→ Task description: What you return should be the lines from the one with "Bricks Texture" through the one with "Fuel Tank NISSAN QASHQAI II SUV (J11, J11_)" in the data below, reproduced exactly with both ends, and no pictures at all.

═════ Extracted records ═════

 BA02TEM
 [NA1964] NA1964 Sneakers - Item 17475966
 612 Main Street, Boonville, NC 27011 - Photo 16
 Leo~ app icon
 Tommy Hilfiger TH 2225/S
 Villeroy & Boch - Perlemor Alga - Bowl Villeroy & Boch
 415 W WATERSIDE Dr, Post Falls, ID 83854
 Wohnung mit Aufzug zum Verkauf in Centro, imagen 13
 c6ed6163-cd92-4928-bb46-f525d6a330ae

═════
═════ Extracted records ═════

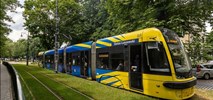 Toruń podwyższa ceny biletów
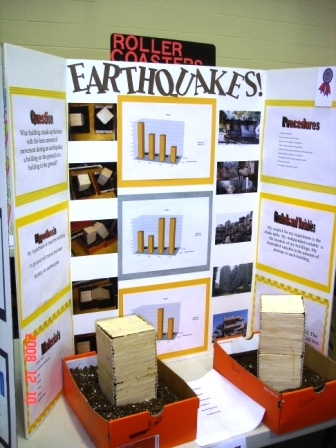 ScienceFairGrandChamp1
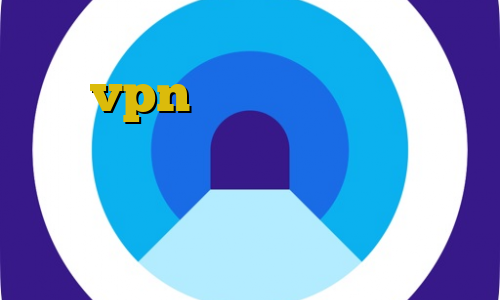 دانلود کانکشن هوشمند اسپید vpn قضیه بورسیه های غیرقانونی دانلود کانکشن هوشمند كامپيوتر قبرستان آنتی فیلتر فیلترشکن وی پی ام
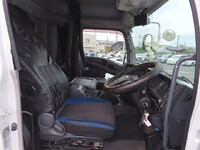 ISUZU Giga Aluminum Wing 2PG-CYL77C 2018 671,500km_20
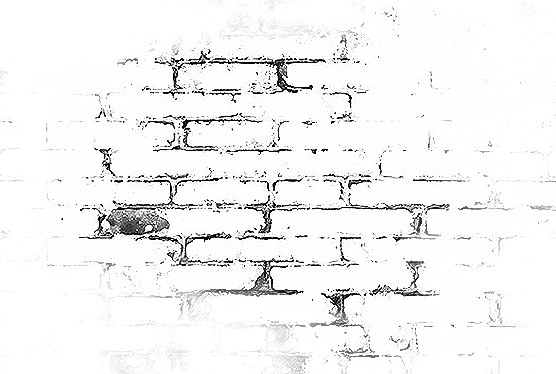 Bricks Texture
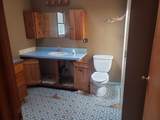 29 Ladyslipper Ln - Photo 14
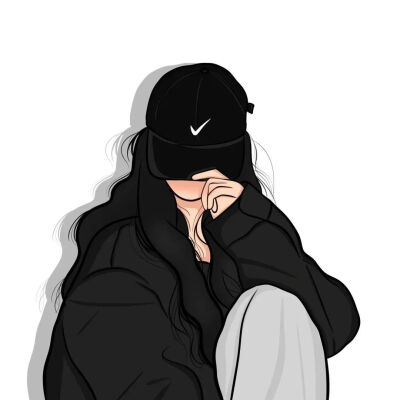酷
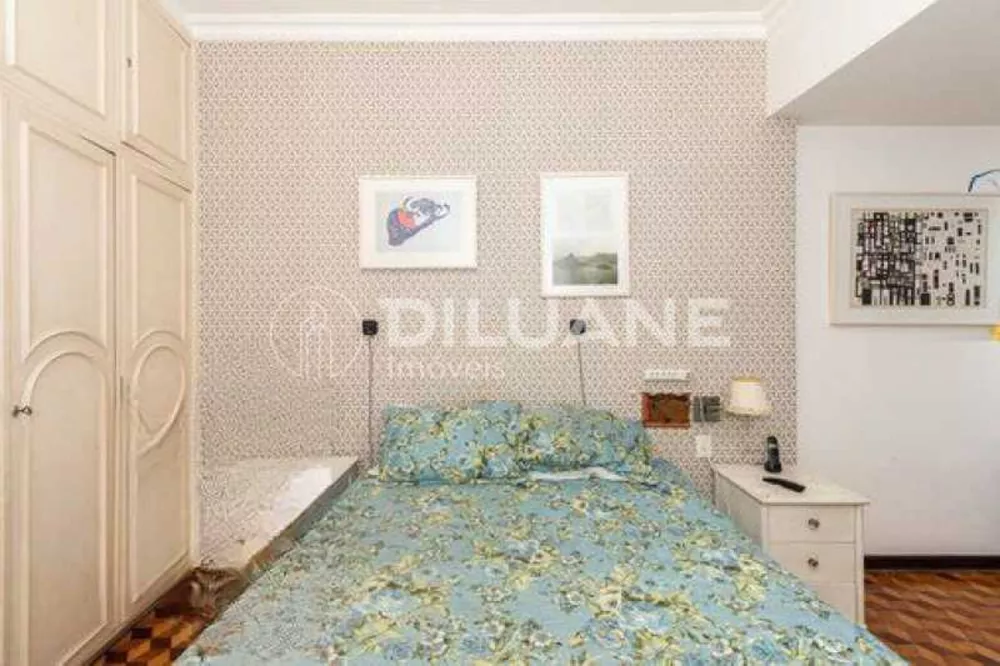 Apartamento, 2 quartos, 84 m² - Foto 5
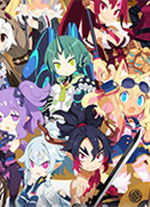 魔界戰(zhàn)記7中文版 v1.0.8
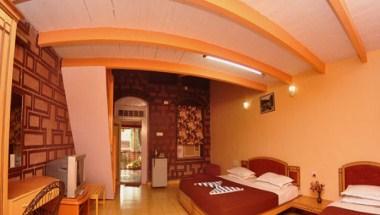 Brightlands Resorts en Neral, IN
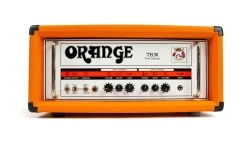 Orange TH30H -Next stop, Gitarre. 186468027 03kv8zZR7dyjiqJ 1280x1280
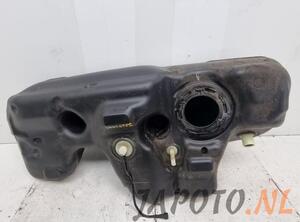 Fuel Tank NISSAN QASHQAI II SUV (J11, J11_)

═════

→ Answer section:
 Bricks Texture
 29 Ladyslipper Ln - Photo 14
酷
 Apartamento, 2 quartos, 84 m² - Foto 5
 魔界戰(zhàn)記7中文版 v1.0.8
 Brightlands Resorts en Neral, IN
 Orange TH30H -Next stop, Gitarre. 186468027 03kv8zZR7dyjiqJ 1280x1280
 Fuel Tank NISSAN QASHQAI II SUV (J11, J11_)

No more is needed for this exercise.